> _Collected material_
—————

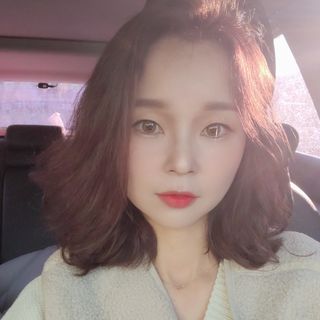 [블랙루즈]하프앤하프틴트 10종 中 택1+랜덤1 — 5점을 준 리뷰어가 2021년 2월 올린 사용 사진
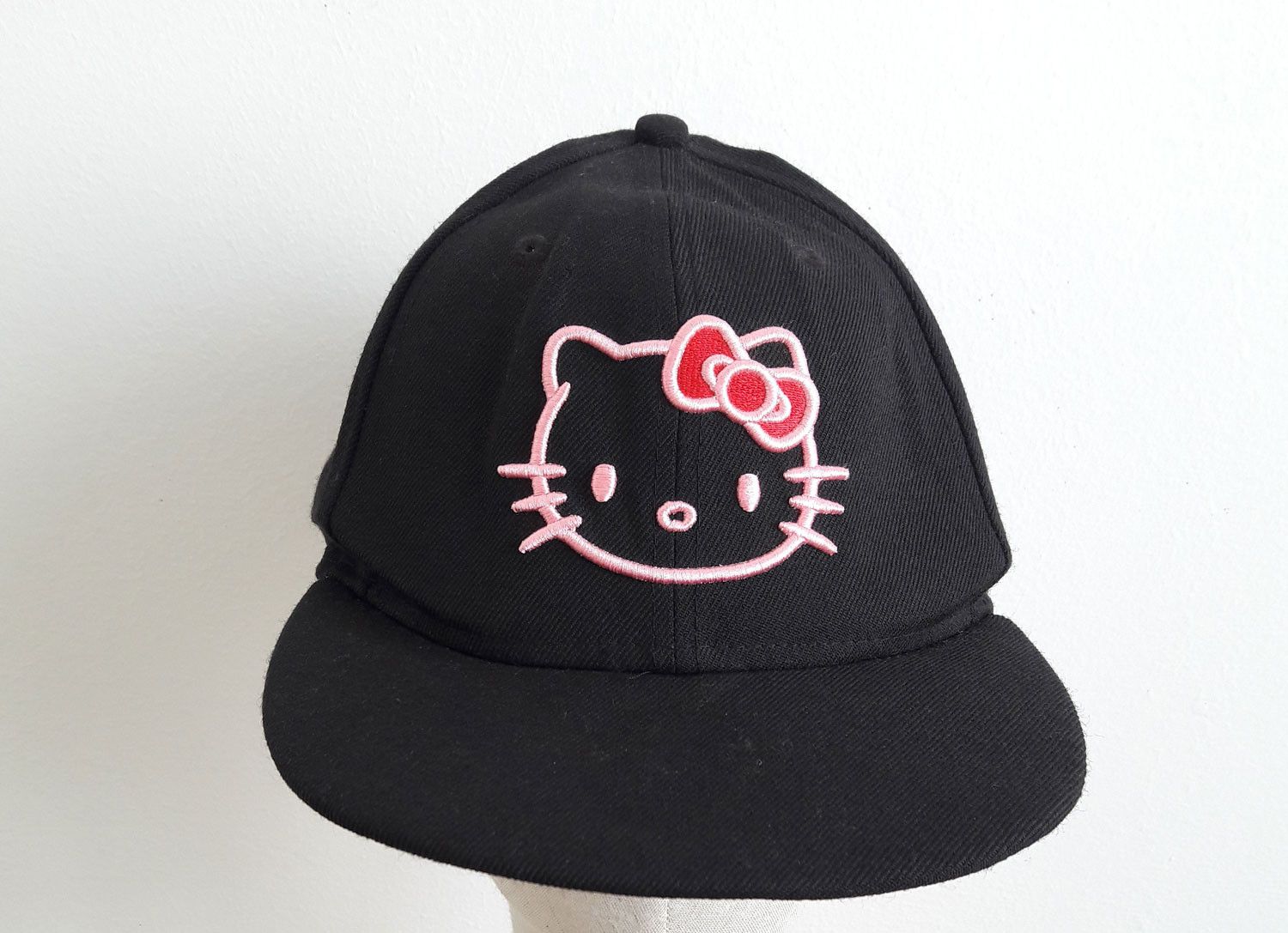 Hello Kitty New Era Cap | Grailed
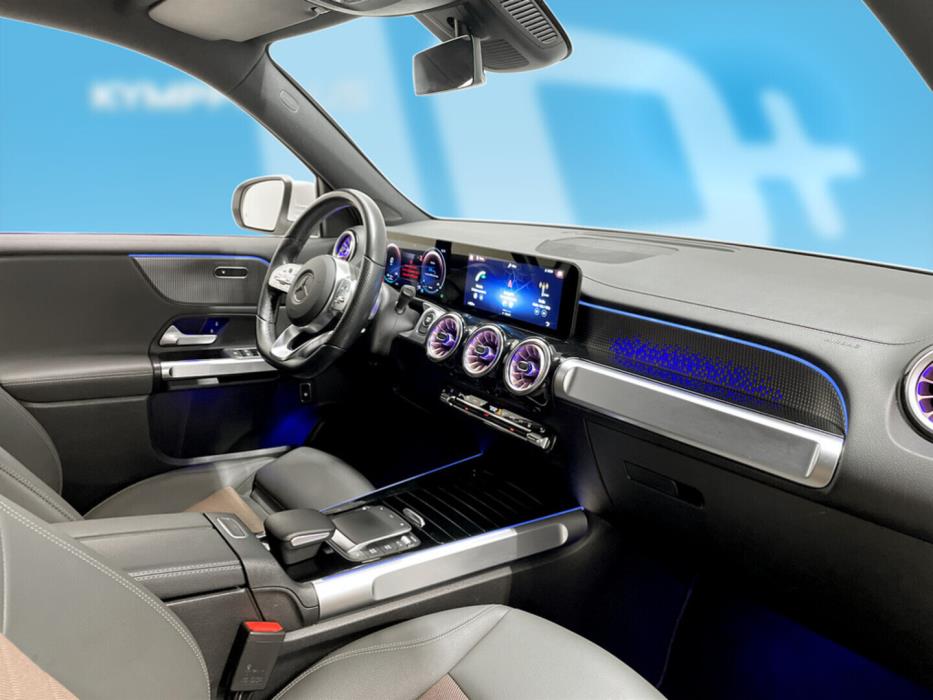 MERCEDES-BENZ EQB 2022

—————

> _Task_
Copy the lines exactly. Start at the line with "Hello Kitty New Era Cap | Grailed", end at the last line above, include both, and omit all pictures.

> _Task result_
 Hello Kitty New Era Cap | Grailed
 MERCEDES-BENZ EQB 2022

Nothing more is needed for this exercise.